Susanna Dickinson identified James M. Rose as one of David Crockett's men. She also reported that during the first Mexican attack Rose barely escaped a Mexican officer. The fighting in the plaza on February 23 seems to be the only incident in which the Mexican soldiers and the Alamo defenders were in such close contact.

25
Dimmitt to Kerr, February 28, 1836. This investigator was unable to identify the site known as the “Rovia” or learn the meaning of the name. Dr. Jesus F. de la Teja, professor of history at Southwest Texas State University, San Marcos, Texas, believes (phone conversation June 17, 1999) that the site was most likely a regular camping place on or near the Laredo road.

Alan C. Huffines in
Blood of Noble Men: The Alamo Siege & Battle
(Austin: Eakin Press, 1999), 24, claims that the “Rovia” site was probably Rosilla Creek on the Goliad road. Huffines cites no source for his opinion. It appears he simply selected a geographical feature in the area that had a name that started with an “r.”

26
Andrew Jackson Sowell,
Rangers and Pioneers of Texas
(1884; reprint; New York: Argosy-Antiquarian, Ltd., 1964), 136; “A list of the Gonzales Ranging Company of Mounted Volunteers mustered into service on the 23rd of February 1836, by Byrd Lockhart acting Commissioner for that purpose and Aid[e] de Camp to the acting Governor of Texas, attached to Travis' command,” Muster Roll book, 1, GLO; Laura J. Irvine, “Sketch of Guadalupe County,”
American Sketch Book
(Austin: Sketch Book Publishing House, 1882), 8; J. E. Grinstead, “An Orphan of the Alamo,”
San Antonio Express
, November 5, 1916.

27
Luciano Pacheco file, PC-TSL.

28
W. B. Travis to Andrew Ponton, February 23, 1836, Bexar, Jenkins, ed.,
Papers
, IV: 420.

29
Pena, Campaign Diary, 13; James Bowie to Santa Anna, February 23, 1836, Bexar, Jenkins, ed.,
Papers
, IV: 414; Almonte, “Private Journal,” 16-17; Travis to Houston, February 25, 1836. This investigator's belief that the howitzer was operating from a site below the city is based on the fact that Bowie addressed his missive to the “Commander of the invading forces below Bejar.”

Jose Enrique de la Pena was not in San Antonio on February 23. He wrote that the data concerning events in San Antonio between February 23 and March 2 he had added to his campaign diary came from a diary that had been sent to him. The writer of that diary is unknown. The Alamo's 18-pounder was on the northwest corner. The 8-pounder was probably mounted at the southwest corner.

In Alan C. Huffines'
Blood of Noble Men: The Alamo Siege & Battle
, 26-27, illustrator Gary S. Zaboly depicts the no-quarter flag with a skull and crossbones as if it were a pirate banner. Zaboly's source for his flag was a sketch attributed to Captain Jose Juan Sanchez Navarro in
La Guerra de Tejas: Memorias de un Soldado
, an alleged account of the Texas revolution by a participant.

Zaboly notes that the only other source that includes his Mexican pirate standard is an oil painting.

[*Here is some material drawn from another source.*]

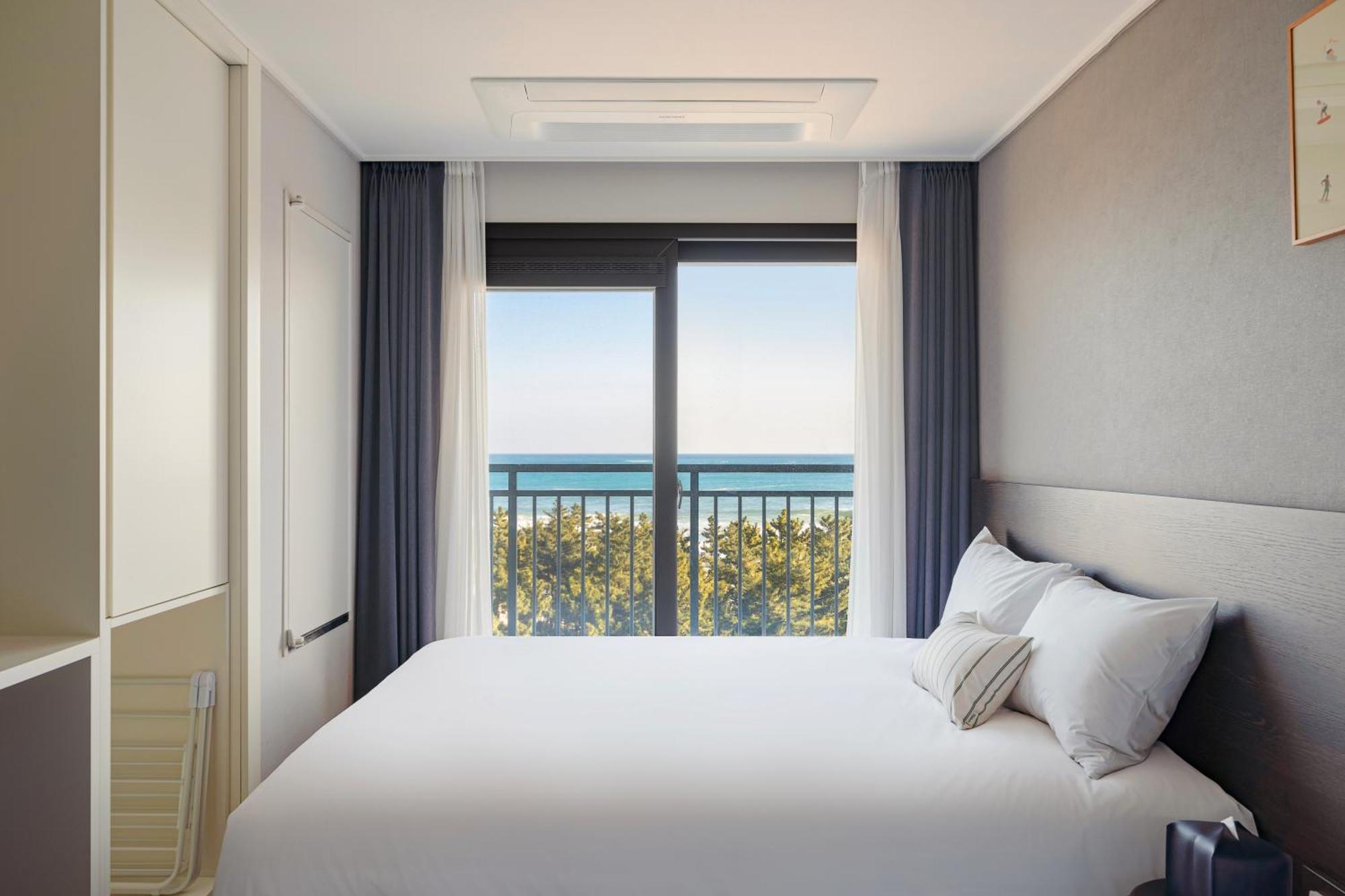 Urbanstay Sokcho Beach Ab Экстерьер фото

Zaboly wrote: “One additional clue to the use of a blood-red banner with skull and crossbones appears in Henry McArdle's frequently reproduced 1905 oil,
Dawn at the Alamo
. At center top a Mexican soldier, shot, is falling backwards and letting go of a red flag with skull and
crossbones decorating it. McArdle had been gathering, for several decades, much of his research data from a number of sources, including veterans of the Texian Revolution. Perhaps one of the latter remembered this flag, which nearly parallels what Navarro had drawn.”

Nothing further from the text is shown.